> _The data_:

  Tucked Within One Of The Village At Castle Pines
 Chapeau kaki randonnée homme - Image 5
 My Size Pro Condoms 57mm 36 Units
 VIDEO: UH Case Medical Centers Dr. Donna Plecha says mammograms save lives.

...

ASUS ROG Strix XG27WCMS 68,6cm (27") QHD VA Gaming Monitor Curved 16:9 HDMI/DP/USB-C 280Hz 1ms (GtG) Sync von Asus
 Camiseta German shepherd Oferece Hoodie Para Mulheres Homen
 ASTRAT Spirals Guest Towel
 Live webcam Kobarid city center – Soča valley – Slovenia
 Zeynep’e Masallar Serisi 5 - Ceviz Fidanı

--

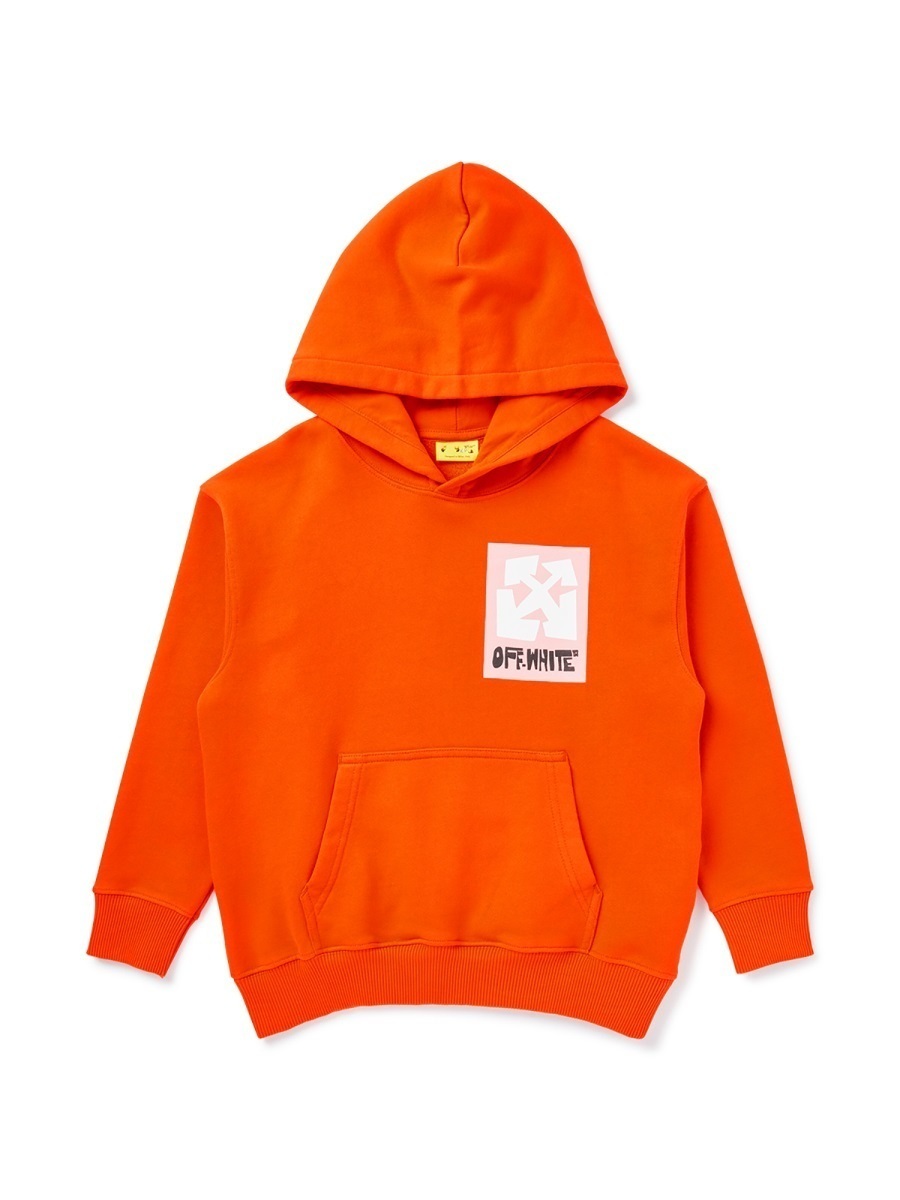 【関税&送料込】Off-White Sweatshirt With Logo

> _Task to carry out_: In your answer, include only the lines above starting at the line that holds "Tucked Within One" and ending at the line that holds "VIDEO: UH Case", copied exactly.

> _Answer for this exercise_:
  Tucked Within One Of The Village At Castle Pines
 Chapeau kaki randonnée homme - Image 5
 My Size Pro Condoms 57mm 36 Units
 VIDEO: UH Case Medical Centers Dr. Donna Plecha says mammograms save lives.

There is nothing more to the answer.